Sitting in a regional train for hours in the night in the middle of nowhere can be super boring. For such cases I always carry my personal entertainment program with me. This includes:

  • TV shows and movies made available for offline viewing on my iPad mini (I use Amazon Prime)
  • Downloaded Music on my Android phone (I use Deezer)
  • TED talks on my iPad mini (I use TED’s own app, supports offline viewing)
  • Channel9 talks on my iPad mini (I use Channel9’s own app, supports offline viewing)
  • As mentioned before I have audio books on my Android phone (I use Audible)
  • Library of Kindle books (private and business-related) that I read on my iPad mini
  • Collection of blogs I like to follow (read online using Feedly)

A few months I invested in a high-quality, noise-cancelling Bose headphone and I have not regretted it.

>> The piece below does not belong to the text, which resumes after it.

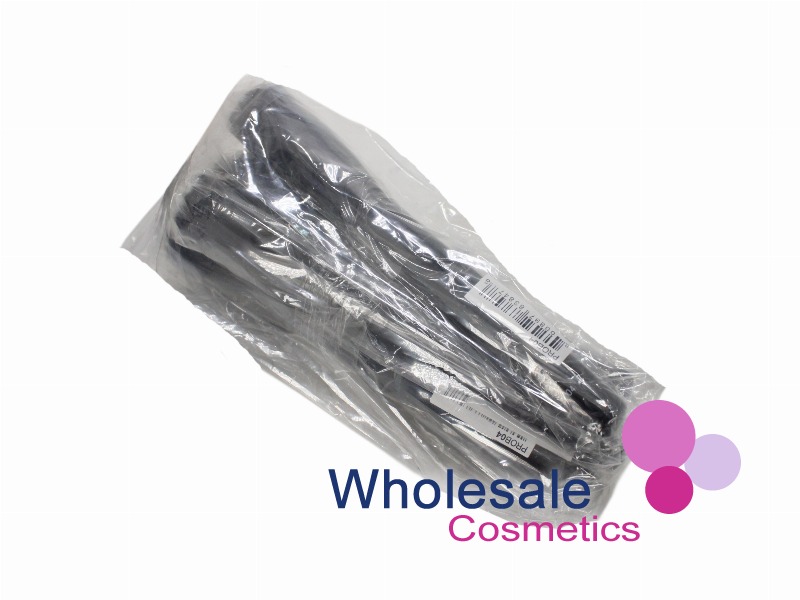 6 x NYX Professional Makeup Pro Brush - PROB04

Music and videos are much more fun with them. Additionally, the headphone has a mic so that I can use it for phone calls, too.

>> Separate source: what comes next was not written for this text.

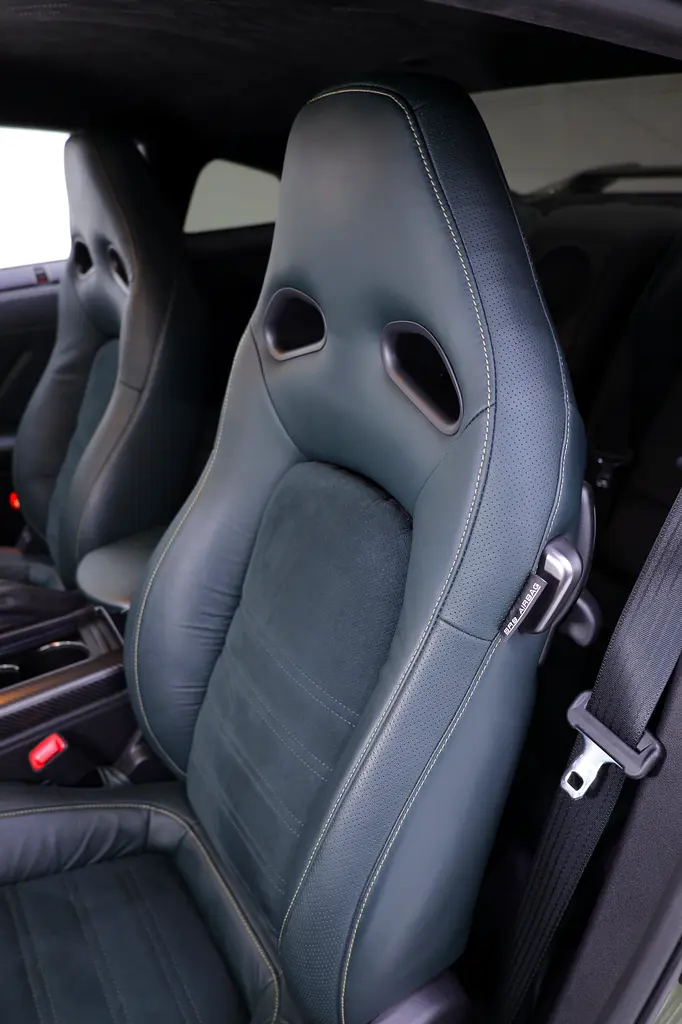 NISSAN GTR T-SPEC 2024 - RARE MILLENIUM JADE EDITION + EXPREME TI EXHAUST SYSTEM + CARBON INTERIOR - Image 19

I also always carry a small, cable-bound, in-ear headset (I use a Beats headset for that). In contrast to my large Bose headset, I can also wear it under a hat or a hood (winter, rain) and during workout sessions (running, hotel fitness center).


Years ago, I switched from a trolley to a backpack (airport control-friendly Dakine backpack) plus a smallmessenger bag (Timbuk2). The backpack is large enough for three-day trips and it is small enough to be taken into a plane’s cabin. The combination of backpack and messenger bag works perfectly for me especially because of the following reasons:

  • Backpack means my hands are free
  • I carry everything over my shoulders, therefore its harder for me to forget a bag
  • The small messenger bag keeps important items (passport, keys, phone, iPad, pen, paper, money, etc.) immediately available to me.

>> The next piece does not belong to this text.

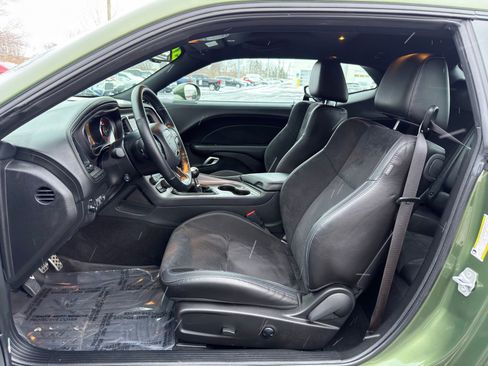 Used 2023 Dodge Challenger R/T w/ Plus Package image 10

Granted, this is a question of style. I have stopped wearing suits and ties many years ago. I am a technical consultant and my customers are fine with business casual clothes. It can easily be carried in a backpack.

It regularly happens that I have unplanned hotel nights (e.g. cancelled flights). For that, I always have one additional pair of socks, additional underwear and an extra t-shirt with me.

I typically wear totally black sport shoes that are fine for a meeting with a CTO but also work in the fitness studio of a hotel or for a short run. It wasn’t easy to find such shoes (I don’t wear leather which makes finding proper shoes especially difficult) but I finally found one made by the German shoe manufacturer Lunge.

Eating and Drinking

My mood really drops when I get hungry or thirsty. To prevent that, I formed some habits:

  • When travelling by train, I typically carry two reusable bottles (e.g. from klean canteen and EPiCO) with water and coffee with me. Coffee shops are typically fine to fill them, so you can reduce waste.
  • I also often carry my Swiss Army Knife with me in the train. It’s a valuable tool if you are in a hurry and need to “build” e.g. your breakfast in the train. Tip: Don’t forget to remove it before your next flight. Security personnel does not like such knifes in your backpack ;-)
  • Sometimes, unforeseeable things happen and you don’t have access to food for a whole day. For such cases, I always have one or two snack bars (raw bars without chocolate) in my backpack.


This is easier said than done. I am lucky because I can sleep everywhere. I have done 10 hour flights on which I fell asleep before taking off and wake up just before landing. To support sleeping during long travels, I always carry some earplugs (Hansaplast) with me.


In my home country Austria, we currently have a discussion going on about working time regulations. Travel time is part of the discussion. Currently, the Austrian working time regulation distinguish between active and passive travel time. We have written about that topic and its implementation in time cockpit in our blog post Active and Passive Travel Time for Working Time Limits.

In my opinion, it is up to you whether you can enjoy or productively use travel time or whether you waste it. I hope you find something valuable in my travel tips and I am looking forward to your feedback.